As it can be seen, with each of these approaches, the sample size has to be chosen in advance and determining the adequate sample size is another important aspect of sampling.

Sampling can also be done with the objective of preserving network properties. A simple example of sampling based on particular node property (hence, in this case, a node-based sampling) can be found in social sciences where a sub-population with particular characteristics has to be examined. However, this most trivial scenario is often very rare, and instead, a sampling preserving one or more graph properties has to be performed. Making a decision on which exactly graph properties should be maintained is typically not straightforward, but in some cases it might be possible to conclude that particular properties should be retained, for example, in- and out-degree distributions. The most common situation (and in the same time, most complex one) is, however, when we do not exactly know which features should be preserved. Instead, the aim is to have the sub-graph whose properties relate very closely to the ones of a referent graph. The referent graph can be our original, large graph (in which case we are talking about so-called Scale-down goal), but it can also, as well, be a past snapshot of our graph (so-called Back-in-time goal). This can be very interesting for large graphs evolving in time and/or size and obviously the snapshot can be determined by fixing certain moment in time T or particular size S.

Evaluating performed sampling is yet another question which also requires thorough and separate elaboration.

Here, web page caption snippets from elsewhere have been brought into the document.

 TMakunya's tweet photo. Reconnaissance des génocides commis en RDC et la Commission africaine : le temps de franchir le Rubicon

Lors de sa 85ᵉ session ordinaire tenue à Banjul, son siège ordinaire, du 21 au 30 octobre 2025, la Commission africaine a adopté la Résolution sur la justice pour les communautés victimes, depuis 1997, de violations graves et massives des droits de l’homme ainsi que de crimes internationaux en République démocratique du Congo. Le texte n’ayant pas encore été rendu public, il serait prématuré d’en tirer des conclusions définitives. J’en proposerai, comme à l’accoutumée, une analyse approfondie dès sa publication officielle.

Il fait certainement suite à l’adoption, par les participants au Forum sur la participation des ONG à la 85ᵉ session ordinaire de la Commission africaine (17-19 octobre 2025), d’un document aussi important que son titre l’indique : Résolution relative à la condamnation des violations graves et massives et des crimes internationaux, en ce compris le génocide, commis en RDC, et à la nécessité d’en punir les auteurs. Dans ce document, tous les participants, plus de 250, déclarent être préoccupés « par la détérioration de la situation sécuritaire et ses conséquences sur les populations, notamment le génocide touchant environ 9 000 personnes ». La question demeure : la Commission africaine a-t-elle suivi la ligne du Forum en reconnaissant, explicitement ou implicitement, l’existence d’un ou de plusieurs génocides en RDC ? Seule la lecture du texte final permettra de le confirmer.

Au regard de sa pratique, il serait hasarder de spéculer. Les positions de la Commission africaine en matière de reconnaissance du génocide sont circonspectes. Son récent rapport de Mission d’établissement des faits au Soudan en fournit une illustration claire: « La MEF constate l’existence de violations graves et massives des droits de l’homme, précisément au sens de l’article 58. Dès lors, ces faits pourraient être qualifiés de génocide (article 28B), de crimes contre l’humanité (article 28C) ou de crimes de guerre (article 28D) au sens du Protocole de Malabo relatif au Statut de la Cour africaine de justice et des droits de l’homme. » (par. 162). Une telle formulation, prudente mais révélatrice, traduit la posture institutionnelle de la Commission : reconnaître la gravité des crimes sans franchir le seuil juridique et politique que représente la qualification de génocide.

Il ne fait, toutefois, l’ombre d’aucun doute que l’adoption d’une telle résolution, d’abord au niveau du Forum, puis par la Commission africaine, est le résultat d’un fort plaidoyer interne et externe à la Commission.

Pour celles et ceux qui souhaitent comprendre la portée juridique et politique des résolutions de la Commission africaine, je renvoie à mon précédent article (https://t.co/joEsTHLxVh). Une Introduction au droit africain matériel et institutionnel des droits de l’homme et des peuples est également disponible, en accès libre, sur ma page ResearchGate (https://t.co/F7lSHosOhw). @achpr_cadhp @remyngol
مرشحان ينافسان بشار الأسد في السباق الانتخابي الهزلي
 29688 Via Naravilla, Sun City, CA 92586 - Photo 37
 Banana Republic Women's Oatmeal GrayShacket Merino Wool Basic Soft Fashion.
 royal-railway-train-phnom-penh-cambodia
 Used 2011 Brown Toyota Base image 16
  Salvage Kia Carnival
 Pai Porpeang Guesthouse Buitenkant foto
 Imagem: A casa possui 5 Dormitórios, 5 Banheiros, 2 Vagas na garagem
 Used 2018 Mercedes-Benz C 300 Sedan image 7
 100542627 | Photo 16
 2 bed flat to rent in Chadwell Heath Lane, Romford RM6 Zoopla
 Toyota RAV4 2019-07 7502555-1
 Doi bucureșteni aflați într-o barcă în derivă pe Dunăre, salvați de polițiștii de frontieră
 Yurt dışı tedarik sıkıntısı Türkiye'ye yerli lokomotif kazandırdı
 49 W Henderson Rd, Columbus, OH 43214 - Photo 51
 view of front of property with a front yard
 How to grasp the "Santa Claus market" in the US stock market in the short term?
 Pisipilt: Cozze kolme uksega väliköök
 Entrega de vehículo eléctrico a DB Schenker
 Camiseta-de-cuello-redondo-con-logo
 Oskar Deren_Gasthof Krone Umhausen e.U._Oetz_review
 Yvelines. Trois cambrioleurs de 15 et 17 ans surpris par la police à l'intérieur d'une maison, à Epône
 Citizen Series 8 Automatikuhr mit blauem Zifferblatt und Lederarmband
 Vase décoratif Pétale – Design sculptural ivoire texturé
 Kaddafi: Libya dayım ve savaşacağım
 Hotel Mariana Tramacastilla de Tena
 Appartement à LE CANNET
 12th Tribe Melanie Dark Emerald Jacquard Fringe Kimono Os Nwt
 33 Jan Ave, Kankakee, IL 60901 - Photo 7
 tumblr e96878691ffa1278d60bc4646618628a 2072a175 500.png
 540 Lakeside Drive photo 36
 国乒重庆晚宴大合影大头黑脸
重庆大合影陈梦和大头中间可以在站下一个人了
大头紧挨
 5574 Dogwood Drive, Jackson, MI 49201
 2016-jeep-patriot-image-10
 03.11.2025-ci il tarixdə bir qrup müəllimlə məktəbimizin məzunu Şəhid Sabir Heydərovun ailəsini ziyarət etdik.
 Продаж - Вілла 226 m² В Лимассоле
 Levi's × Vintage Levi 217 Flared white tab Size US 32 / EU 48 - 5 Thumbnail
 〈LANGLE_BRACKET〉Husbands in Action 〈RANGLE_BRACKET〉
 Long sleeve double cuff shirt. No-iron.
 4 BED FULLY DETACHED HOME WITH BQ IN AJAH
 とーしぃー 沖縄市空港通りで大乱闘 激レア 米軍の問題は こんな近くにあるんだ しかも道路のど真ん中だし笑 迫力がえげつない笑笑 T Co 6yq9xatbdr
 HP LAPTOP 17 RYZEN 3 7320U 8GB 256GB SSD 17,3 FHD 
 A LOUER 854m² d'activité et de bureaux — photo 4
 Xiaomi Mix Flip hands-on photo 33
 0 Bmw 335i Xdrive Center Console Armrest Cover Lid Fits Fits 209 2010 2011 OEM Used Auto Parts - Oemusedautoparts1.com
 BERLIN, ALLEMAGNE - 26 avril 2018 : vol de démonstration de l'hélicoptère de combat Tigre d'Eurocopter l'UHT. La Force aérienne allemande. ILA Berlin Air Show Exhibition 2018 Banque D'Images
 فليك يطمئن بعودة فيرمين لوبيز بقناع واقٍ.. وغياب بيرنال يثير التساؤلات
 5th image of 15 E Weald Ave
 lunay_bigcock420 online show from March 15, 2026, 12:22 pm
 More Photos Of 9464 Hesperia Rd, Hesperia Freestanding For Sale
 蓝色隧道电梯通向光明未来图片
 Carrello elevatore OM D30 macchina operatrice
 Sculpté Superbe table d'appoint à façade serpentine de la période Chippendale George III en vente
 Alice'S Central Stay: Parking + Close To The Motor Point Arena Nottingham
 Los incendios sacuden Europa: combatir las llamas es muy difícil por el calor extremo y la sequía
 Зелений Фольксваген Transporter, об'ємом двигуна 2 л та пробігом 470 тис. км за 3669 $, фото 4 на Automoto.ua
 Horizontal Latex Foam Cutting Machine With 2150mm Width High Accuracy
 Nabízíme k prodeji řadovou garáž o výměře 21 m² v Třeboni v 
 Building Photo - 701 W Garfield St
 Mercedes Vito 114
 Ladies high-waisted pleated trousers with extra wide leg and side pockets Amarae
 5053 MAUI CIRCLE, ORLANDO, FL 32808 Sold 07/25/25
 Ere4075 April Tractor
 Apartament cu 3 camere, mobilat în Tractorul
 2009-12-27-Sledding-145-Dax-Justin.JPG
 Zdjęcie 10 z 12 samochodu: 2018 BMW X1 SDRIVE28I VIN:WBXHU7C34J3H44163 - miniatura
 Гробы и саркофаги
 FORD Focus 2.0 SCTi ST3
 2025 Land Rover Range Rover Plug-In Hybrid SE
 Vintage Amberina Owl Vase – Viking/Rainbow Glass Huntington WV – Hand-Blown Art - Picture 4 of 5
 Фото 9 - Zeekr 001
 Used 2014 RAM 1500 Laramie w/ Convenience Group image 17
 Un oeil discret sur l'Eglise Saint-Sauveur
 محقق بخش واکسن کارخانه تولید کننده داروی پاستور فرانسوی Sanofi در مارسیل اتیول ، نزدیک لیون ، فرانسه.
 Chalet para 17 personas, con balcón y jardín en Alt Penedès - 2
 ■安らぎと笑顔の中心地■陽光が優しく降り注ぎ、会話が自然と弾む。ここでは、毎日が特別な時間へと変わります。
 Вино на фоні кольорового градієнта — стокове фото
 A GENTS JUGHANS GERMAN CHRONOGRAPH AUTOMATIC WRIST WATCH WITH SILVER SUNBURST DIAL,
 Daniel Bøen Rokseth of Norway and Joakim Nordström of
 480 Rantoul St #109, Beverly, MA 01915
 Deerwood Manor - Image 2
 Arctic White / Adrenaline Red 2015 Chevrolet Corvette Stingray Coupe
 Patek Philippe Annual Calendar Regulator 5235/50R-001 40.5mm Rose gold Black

In the end, let us mention that literature has seen different purposes of graph sampling, other than the sampling for performing simulations and further analysis on sub-graphs. For example, graph sampling is also used with the aim to facilitate visualization, for outlier detection, to enable more efficient storage and retrieval of web-graphs etc.

References

  • Leskovec, Jure and Faloutsos, Christos. “Sampling from Large Graphs”, KDD ’06 Proceedings of the 12th ACM SIGKDD international conference on Knowledge discovery and data mining, p. 631-636
  • Ribeiro, Bruno, and Towsley. Don. “Estimating and sampling graphs with multidimensional random walks”, Proceedings of the 10th ACM SIGCOMM conference on Internet measurement. ACM, 2010.
  • Wang, Tianyi, et al. “Understanding graph sampling algorithms for social network analysis”, 31st International Conference on Distributed Computing Systems Workshops. IEEE, 2011.